◆ PROBLEM REQUIREMENTS
In the records below, the lines from the one containing "Armband in zilver" through the last are to be reproduced exactly and alone.

◆ DATA FOR THIS TASK
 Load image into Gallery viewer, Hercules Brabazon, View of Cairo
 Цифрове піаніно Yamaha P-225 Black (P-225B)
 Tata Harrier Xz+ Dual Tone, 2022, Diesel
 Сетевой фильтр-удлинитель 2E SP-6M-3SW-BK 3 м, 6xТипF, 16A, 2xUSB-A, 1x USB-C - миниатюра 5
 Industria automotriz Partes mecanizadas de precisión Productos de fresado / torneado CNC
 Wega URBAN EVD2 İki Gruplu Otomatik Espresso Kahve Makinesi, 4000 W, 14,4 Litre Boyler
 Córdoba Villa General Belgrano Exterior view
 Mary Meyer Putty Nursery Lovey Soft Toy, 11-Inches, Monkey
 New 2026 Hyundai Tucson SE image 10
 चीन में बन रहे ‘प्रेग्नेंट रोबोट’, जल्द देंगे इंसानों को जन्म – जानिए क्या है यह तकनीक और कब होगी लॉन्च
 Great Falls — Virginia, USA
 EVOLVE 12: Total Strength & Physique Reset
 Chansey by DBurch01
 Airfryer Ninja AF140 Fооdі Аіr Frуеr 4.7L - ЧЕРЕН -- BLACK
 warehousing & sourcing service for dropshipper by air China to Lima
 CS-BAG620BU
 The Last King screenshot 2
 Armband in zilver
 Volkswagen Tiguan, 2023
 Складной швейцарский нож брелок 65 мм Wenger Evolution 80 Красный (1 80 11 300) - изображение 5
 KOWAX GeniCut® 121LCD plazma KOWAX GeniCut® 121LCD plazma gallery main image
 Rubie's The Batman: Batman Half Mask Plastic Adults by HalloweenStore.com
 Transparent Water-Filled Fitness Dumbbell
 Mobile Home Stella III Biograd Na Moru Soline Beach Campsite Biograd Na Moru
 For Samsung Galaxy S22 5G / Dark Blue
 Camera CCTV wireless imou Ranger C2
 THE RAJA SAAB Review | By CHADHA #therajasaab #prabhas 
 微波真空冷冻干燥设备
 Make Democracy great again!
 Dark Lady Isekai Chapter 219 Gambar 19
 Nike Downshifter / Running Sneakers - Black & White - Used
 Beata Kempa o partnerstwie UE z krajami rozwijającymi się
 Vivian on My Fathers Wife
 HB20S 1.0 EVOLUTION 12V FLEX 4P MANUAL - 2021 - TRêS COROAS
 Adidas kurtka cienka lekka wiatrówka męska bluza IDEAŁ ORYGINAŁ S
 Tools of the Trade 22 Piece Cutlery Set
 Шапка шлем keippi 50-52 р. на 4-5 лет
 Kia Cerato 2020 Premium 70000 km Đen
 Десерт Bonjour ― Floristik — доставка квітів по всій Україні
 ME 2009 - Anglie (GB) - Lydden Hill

◆ OUTPUT OF THE TASK
 Armband in zilver
 Volkswagen Tiguan, 2023
 Складной швейцарский нож брелок 65 мм Wenger Evolution 80 Красный (1 80 11 300) - изображение 5
 KOWAX GeniCut® 121LCD plazma KOWAX GeniCut® 121LCD plazma gallery main image
 Rubie's The Batman: Batman Half Mask Plastic Adults by HalloweenStore.com
 Transparent Water-Filled Fitness Dumbbell
 Mobile Home Stella III Biograd Na Moru Soline Beach Campsite Biograd Na Moru
 For Samsung Galaxy S22 5G / Dark Blue
 Camera CCTV wireless imou Ranger C2
 THE RAJA SAAB Review | By CHADHA #therajasaab #prabhas 
 微波真空冷冻干燥设备
 Make Democracy great again!
 Dark Lady Isekai Chapter 219 Gambar 19
 Nike Downshifter / Running Sneakers - Black & White - Used
 Beata Kempa o partnerstwie UE z krajami rozwijającymi się
 Vivian on My Fathers Wife
 HB20S 1.0 EVOLUTION 12V FLEX 4P MANUAL - 2021 - TRêS COROAS
 Adidas kurtka cienka lekka wiatrówka męska bluza IDEAŁ ORYGINAŁ S
 Tools of the Trade 22 Piece Cutlery Set
 Шапка шлем keippi 50-52 р. на 4-5 лет
 Kia Cerato 2020 Premium 70000 km Đen
 Десерт Bonjour ― Floristik — доставка квітів по всій Україні
 ME 2009 - Anglie (GB) - Lydden Hill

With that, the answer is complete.